Il governo Fanfani IV

GABRIELE PATO

GOVERNO FANFANI IV

IL PRIMO CENTROSINISTRA

In seguito alla caduta del breve e contestatissimo governo Tambroni si costituì un nuovo esecutivo, a guida DC, che si distanziava nettamente dalla precedente esperienza. Il nuovo Consiglio dei Ministri era guidato dalla presidenza di Amintore Fanfani, esponente di spicco del partito, concedeva alcuni ministeri con portafoglio (bilancio, tesoro, marina mercantile, lavoro e previdenza sociale) al Partito Repubblicano di La Malfa (PRI) e al Partito Socialista Democratico (PSDI) ma soprattutto otteneva l'appoggio esterno del Partito Socialista (PSI) di Pertini e Nenni in cambio di un preciso piano di riforme. La maggiore abilità di Moro fu quella di convincere il presidente statunitense J.F. Kennedy a non porre il veto al sostegno esterno del PSI, il quale non si dichiarò contrario a patto che i socialisti italiani rompessero i propri legami con l'Unione Sovietica.

Il piano di governo presentato il 2 marzo 1962 era effettivamente rivoluzionario rispetto ai precedenti, anche rispetto ai tre governi guidati da Fanfani stesso: si proponeva la nazionalizzazione dell'energia elettrica, la riforma del ginnasio, estensione dell'obbligo scolastico fino ai 14 anni e la fine del doppio percorso (liceo o apprendistato professionale), l'aumento delle pensioni ed altre riforme di stampo prettamente sociale. Ottenuta una comoda fiducia presso entrambe le camere (265 favorevoli e 195 contrari alla Camera, 122 favorevoli e 85 contrari al Senato) il 10 marzo, i ministeri si attivarono immediatamente per porre in attuazione l'ambizioso piano di governo il più rapidamente possibile, dal momento che la III legislatura si sarebbe conclusa appena un anno dopo, nella primavera 1963.
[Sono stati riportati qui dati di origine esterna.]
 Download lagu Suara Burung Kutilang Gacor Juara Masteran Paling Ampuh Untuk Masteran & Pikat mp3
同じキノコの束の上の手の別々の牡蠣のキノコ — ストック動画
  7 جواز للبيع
Durante i primi dieci mesi di governo, i piani stabiliti furono seguiti speditamente. Il 13 marzo '62 venne approvato l'aumento delle pensioni del 30%, portando la media a circa 100'000 lire mensili; il 13 aprile venne eliminata la censura sulle opere liriche, poetiche e di prosa (mantenuta quella sulle opere cinematografriche, di varietà e televisive); il 14 luglio si diede avvio ad una vasta opera di urbanizzazione e riforma catastale tramite l'esproprio generale di terre ai Comuni; il 27 novembre il Parlamento dà il suo assenso alla nazionalizzazione dell'energia elettrica, creando l'ENEL (Ente Nazionale per l'Elettricità); il 31 dicembre passa la così detta “scuola media unica” unita all'innalzamento dell'età per la scuola dell'obbligo e, infine, nel febbraio '63 la leva militare obbligatoria viene ridotta da 18 a 15 mesi.
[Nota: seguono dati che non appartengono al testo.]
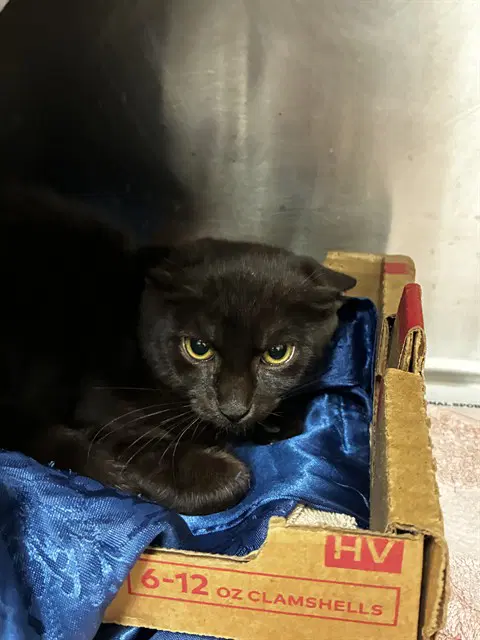 Gus - Domestic Short Hair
Già dall'autunno precedente, il governo però si trovava in una fase di crisi. I malumori delle correnti più conservatrici della DC si fecero più forti, nonostante – come promesso da Aldo Moro – fosse stato garantito loro il ruolo di Presidente della Repubblica, per il quale fu eletto Antonio Segni, nel maggio '62, grazie ai voti dell'MSI e del Partito Democratico Italiano di Unità Monarchica. Uno degli ultimi atti del governo Fanfani IV fu quello di stabilire definitivamente il numero di deputati e senatori, rispettivamente 630 e 315. Il 18 febbraio il presidente Segni sciolse le camere, annunciando elezioni anticipate per il 28 aprile 1963.

Nonostante il parziale successo del proprio ultimo esecutivo, Fanfani venne liquidato dalla Democrazia Cristiana che presentò Aldo Moro come principale esponente. La DC, pur restando primo partito, perse il 4% (da 42 a 38%) mentre crebbero Partito Liberale, PCI e PSI. Sia DC che PSI rifiutano l'ipotesi di un “centrosinistra organico”, ovvero un governo guidato dai due partiti e non soltanto sostenuto dall'esterno, e di conseguenza Moro rinuncia all'incarico passando il testimone a Giovanni Leone, incaricato di far approvare la legge di bilancio e trovatosi a dover gestire le conseguenze della tremenda tragedia del Vajont. Riprese le consultazioni, Aldo Moro si ripropose al centro della scena, annientando i suoi avversarsi interni, quali Mario Scelba, che dopo un quindicennio da protagonista abbandonò la politica attiva. Moro formò dunque un governo con PSI, PSDI, e PRI, concedendo ben sei ministri ai socialisti ed il seggio di vice primo ministro a Pietro Nenni. Dimessosi, Leone sarà nominato avvocato difensore dell'ENEL nel processo sul Vajont riuscendo a far “risparmiare” miliardi di risarcimenti alle casse dello stato.